How much tadalafil are you doing prewo? Gotta be a killer pump made painful with the LR3?


----------



## Elvia1023 (Jun 12, 2014)

sh00t said:


> How much tadalafil are you doing prewo? Gotta be a killer pump made painful with the LR3?



I take about 1ml so 25mg and it is incredible. I don't take it everyday though... every few days. If I were to dose it ed I would probably do 12.5mg (1/2 ml).

I still haven't started the LR3 but will do 2moro. The pump will be massive. I may leave my pre workout (Musclemeds NO BULL) 2moro as that will make it even worst


----------



## Elvia1023 (Jun 12, 2014)

I started my LGD today. Due to work (got home at 5am) it messed my sleeping pattern a bit. I took a large dose of peps pre bed and basically woke up feeling like I had hibernated. Anyway I missed the gym but thought I would start so dosed 5mg. I definitely felt it within an hour. It could be unrelated but I had a very mild headache for about 10 mins. I never get headaches and I hadn't taken anything else so it may have been the LGD. You should never go by side effects but if anything that is a good thing. I always find I feel the things that work best more than things that don't perform. That goes for aas or peps or anything. If it is strong your body should react even if that reaction is mild. So that could be anything from increased libido, tiredness, facial flushing, nausea etc. I definitely felt it but obviously will have to wait a few weeks to access it's effectiveness. I will dose 5mg 2moro before I train 

I have took no clen today but will use 60mcg after my breakfast 2moro morning. I dosed 1.5mg letrozole last night and felt the difference when I woke up.


----------



## Elvia1023 (Jun 13, 2014)

I took 1.5mg letrozole last night as usual and am loving it... vascularity has come out loads since starting it. The higher in dose I go the more vascular I am getting.

I haven't added I have only been using my cjc no dac and hexarelin once daily. I do one large dose pre bed and the sleep is incredible. I use about 100mcg cjc no dac and 100mcg hexarelin pre bed. Staying up late plus that pep combo has made it harder to get up in the mornings but things are good.
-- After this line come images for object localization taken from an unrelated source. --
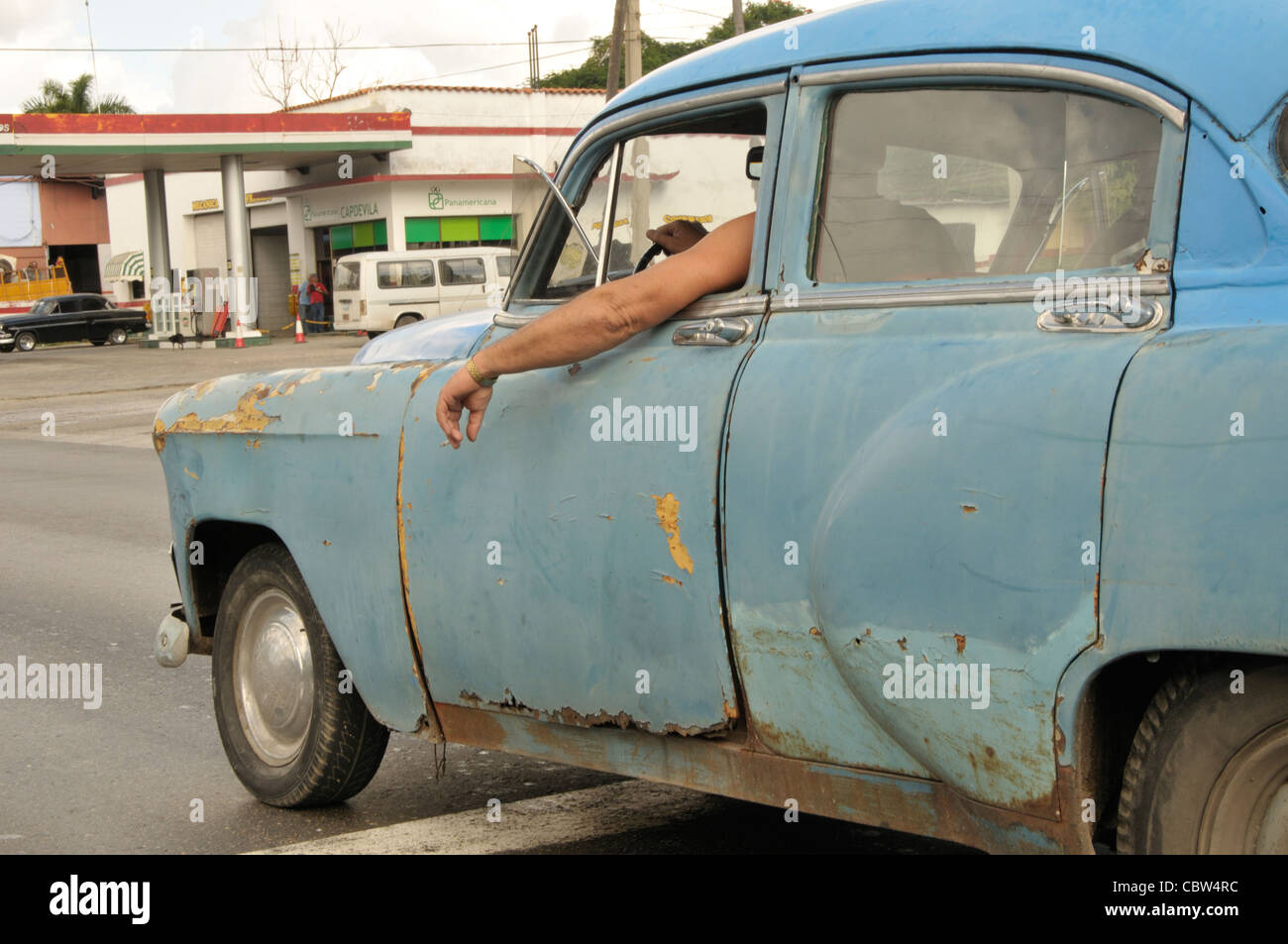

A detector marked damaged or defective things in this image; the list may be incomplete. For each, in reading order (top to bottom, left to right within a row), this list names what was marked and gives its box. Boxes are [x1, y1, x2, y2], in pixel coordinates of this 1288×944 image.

rust spot on fender [644, 494, 696, 574]
rusty car body [153, 0, 1288, 850]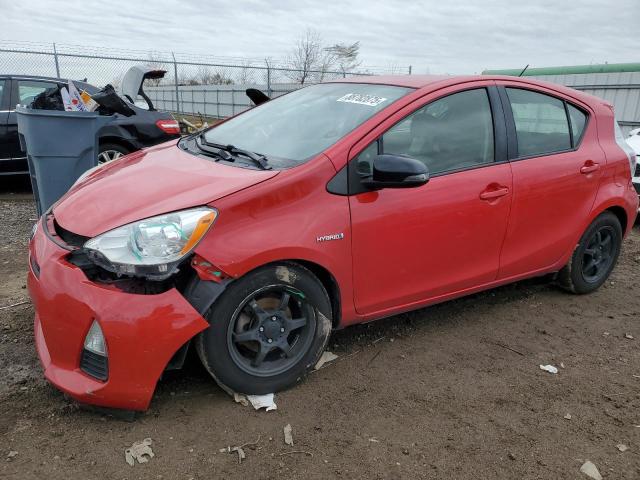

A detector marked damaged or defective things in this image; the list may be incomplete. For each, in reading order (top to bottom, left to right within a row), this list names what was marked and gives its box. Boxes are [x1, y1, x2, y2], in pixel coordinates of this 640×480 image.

damaged front bumper [27, 217, 209, 408]
cracked bumper [28, 219, 208, 410]
broken headlight [84, 207, 218, 282]
damaged red hatchback [27, 74, 636, 408]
I was in a rush today but finally started my LR3. I ended up doing about 10-15mcg in 6 spots in my chest. I didn't have time to do my calves but will next time. I trained chest than calves. I took no tadalafil as that would effect my observation (pump etc). To be honest I didn't really notice that much... no major pump or anything. I did feel amazing in the gym though... but that could just be placebo and the fact I had missed the gym for 2 days so was made up to be training. I will do my calves next time with shoulders. The injections were easy and I just used the 1 slin pin for all 6.

I also dosed 5mg LGD-4033 today so that will be building up in my system. I am gonna double the dose to 10mg 2moro morning. 
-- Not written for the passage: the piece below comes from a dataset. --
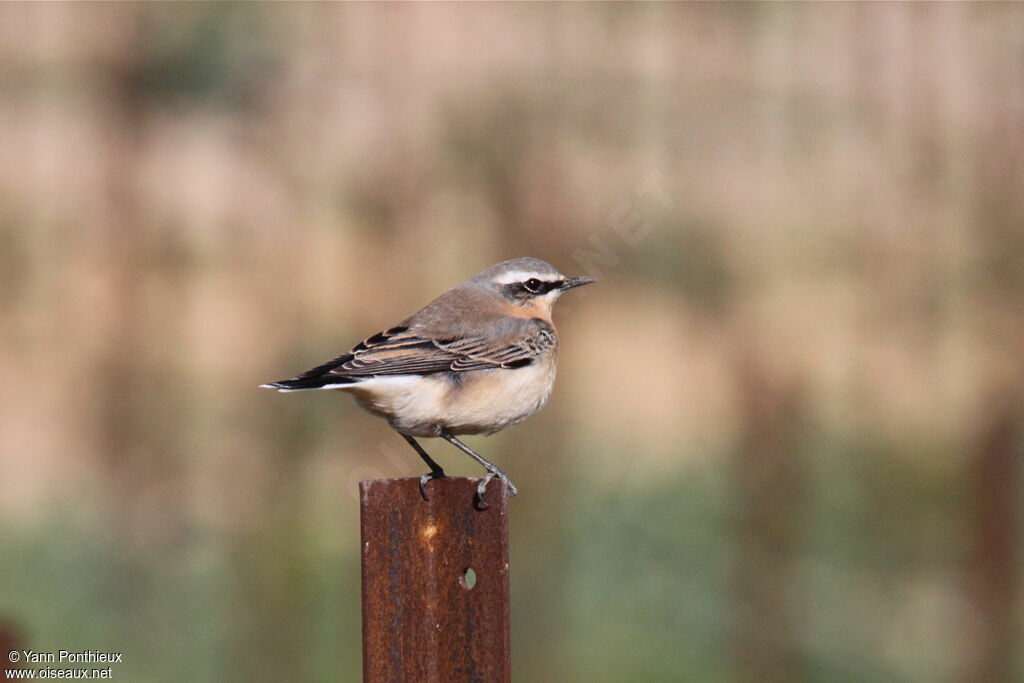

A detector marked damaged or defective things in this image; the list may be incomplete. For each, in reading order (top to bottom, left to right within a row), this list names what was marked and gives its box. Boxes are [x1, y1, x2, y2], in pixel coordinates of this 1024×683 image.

rust stain on post [360, 479, 512, 679]
rusty metal post [362, 475, 512, 683]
Things are going good and I am in a decent routine now.


----------



## sh00t (Jun 20, 2014)

Ok, its been 7 days, what's the good word?


----------



## Elvia1023 (Jun 24, 2014)

sh00t said:


> Ok, its been 7 days, what's the good word?



Sorry matey I didn't post for about 6 days but just realized my last post was put in my old log by accident. This has been moved to the log section so I must have just got mixed up. I will post my last entry below.


----------



## Elvia1023 (Jun 24, 2014)

Sorry for the lack of updates recently. I will carry on as normal now. Things have been good. I have been training hard. I wasn't overwhelmed with the LR3 but the other day I took a lot more and felt a big difference. I wasn't planning to take so much it just sort of happened. I was pumped up for my workout as I had been out the gym for a few days. I injected my quads then I thought I will do my delts too then with the thought of I will train calves at the end I done them too. I must have done over 300mcg in the one go in multiple areas. I felt that hit me strong and I ended up having an amazing workout. But on the whole I am not overwhelmed with it but it has definitely added to fullness.
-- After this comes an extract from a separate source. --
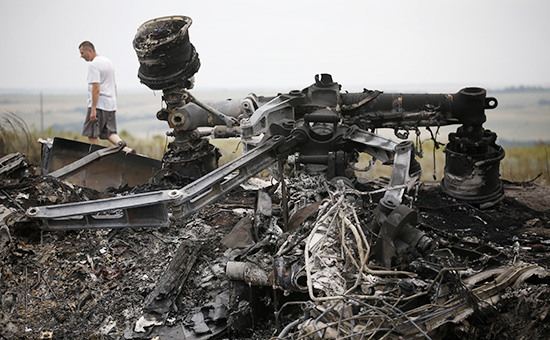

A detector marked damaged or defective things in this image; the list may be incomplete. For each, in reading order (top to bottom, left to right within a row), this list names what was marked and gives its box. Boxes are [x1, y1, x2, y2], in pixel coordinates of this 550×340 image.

I have been using letro each night at about 2.5mg and that is going well. I love the way the clen makes me feel... I haven't gone over about 80mcg though. The clen gives me a great boost and I can tell it is doing a lot of good. I have only been doing 1 shot of cjc no dac and hexarelin and do that pre bed at a high dose. I am having some of the most incredible dreams ever using that combo.

Lastly the LGD-4033. I wasn't too sure at first but it has built up and I am loving it now. Obviously I also added the LR3 so I can't pinpoint everything but I have only used the LR3 3-4 days so I have a fair idea of what is doing what. The LGD is keeping me full and is definitely helping me build muscle. It has increased my strength and that is certain as my strength has literally been stagnant for about 2 years. It's subtle in many ways but highly effective and I am enjoying it. I recommend this one a lot. It's the first SARM I have used and I am very impressed. I am using about 5mg but plan to up that slowly. I upped it a lot one day but felt sick so will do it more gradually in the future.

Here are some pics. They haven't turned out well but I am definitely a lot fuller even at 3am just after a shave and shower.


----------



## Elvia1023 (Jun 25, 2014)

Things have been good but a major change of plan. I have had bad acne for awhile (never used to get it) but it has become really bad the last few weeks. I am not usually bothered about looks but I have severe acne on my head and back and it is starting to get to me. As a result I have decided to drop most things and just clean out for a bit. 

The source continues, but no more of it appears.